Gold closed Friday at approximately $4,675 per ounce, down from $4,784 the day before — a $108 drop in a single session. On Tuesday, gold had traded at $4,749, up $231 from the prior close. For dealers who price in gold, these are not abstract numbers. This is the math on every piece changing overnight.

What Happened This Week

President Trump delivered a televised address on Wednesday evening in which he vowed to "hit them extremely hard over the next two to three weeks" while simultaneously predicting the Strait of Hormuz would reopen naturally once fighting stopped. The contradiction rattled gold traders. Safe-haven demand had been building as the Hormuz closure — which began on March 4 when Iranian forces declared the strait closed — entered its fifth week.

Gold futures opened Thursday at $4,783, then fell below $4,650 in early trading before partially recovering. The concern: Trump's suggestion that the war is nearly over reduced the geopolitical risk premium, while his escalatory language reintroduced it.

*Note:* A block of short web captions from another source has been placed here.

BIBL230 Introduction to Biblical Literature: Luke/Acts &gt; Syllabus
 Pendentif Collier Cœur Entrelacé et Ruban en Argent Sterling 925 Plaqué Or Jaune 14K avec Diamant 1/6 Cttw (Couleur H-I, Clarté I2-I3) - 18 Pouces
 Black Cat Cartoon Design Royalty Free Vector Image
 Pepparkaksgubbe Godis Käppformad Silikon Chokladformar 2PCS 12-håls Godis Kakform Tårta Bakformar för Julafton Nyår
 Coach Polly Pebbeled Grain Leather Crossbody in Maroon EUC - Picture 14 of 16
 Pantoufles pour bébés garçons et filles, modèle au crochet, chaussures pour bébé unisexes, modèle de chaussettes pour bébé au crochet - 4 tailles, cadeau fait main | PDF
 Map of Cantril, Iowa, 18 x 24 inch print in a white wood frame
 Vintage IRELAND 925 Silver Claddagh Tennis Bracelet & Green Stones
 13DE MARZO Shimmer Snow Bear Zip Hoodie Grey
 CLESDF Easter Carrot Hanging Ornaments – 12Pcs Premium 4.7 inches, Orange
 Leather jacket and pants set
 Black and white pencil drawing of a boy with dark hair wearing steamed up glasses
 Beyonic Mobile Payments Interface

March Was the Worst Month Since 2008

Context matters. Gold fell 11.8% in March — its worst monthly decline since the 2008 financial crisis. War-driven energy inflation and higher rate expectations initially hurt bullion, before a weaker dollar and renewed rate-cut hopes helped it rebound sharply into April.

For the gold trade, this kind of two-way volatility is the new normal as long as the Hormuz situation remains unresolved. The Strait's closure has been described as the largest disruption to global energy supply since the 1970s oil crisis. Oil briefly topped $126 per barrel at its peak and Brent crude remains around $100-105.

The Broader Gold Picture

Gold has gained more than $1,500 per ounce over the past year. JPMorgan and Goldman Sachs project gold will trade within a $4,000 to $6,300 range through 2026. Central bank purchases remain a structural tailwind. Global central bank buying slowed to just 5 tonnes in January 2026 versus a monthly average of 27 tonnes in 2025, but the buying base is broadening — Malaysia and South Korea resumed purchases, and China continues adding to its reserves.

Iran has selectively reopened the Strait to ships from China, Russia, India, the Philippines, and several other nations, while also floating the idea of formal transit tolls. If implemented, that would fundamentally reshape global energy logistics and keep geopolitical risk premium elevated in gold.

What This Means for the Gold Trade

For gold jewelry dealers, the volatility is a pricing headache. A $100 intraday swing on a 14K piece worth $2,000 at fabrication changes margin by meaningful percentages. High gold prices lift replacement costs, pressure memo, complicate custom work, and change consumer behavior all at once.

For gold buyers and scrap dealers, the environment is favorable. Higher spot prices mean higher walk-in traffic from consumers liquidating old jewelry. But the volatility cuts both ways: if you buy at $4,750 and spot drops $100 overnight before you can move the metal, your margin evaporates.

Gold is still the trade's ultimate hedge. But in 2026, it is also a daily reminder that risk management matters just as much as market opinion. Lock in prices faster, keep exposure windows short, and watch the evening news.